Work to be completed: Every line of the material that follows must be printed again exactly.

Source data:
[Start of Attachment]

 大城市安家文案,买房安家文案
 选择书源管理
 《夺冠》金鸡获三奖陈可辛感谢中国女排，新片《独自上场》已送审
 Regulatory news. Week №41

[End of Attachment]

Solution:
 大城市安家文案,买房安家文案
 选择书源管理
 《夺冠》金鸡获三奖陈可辛感谢中国女排，新片《独自上场》已送审
 Regulatory news. Week №41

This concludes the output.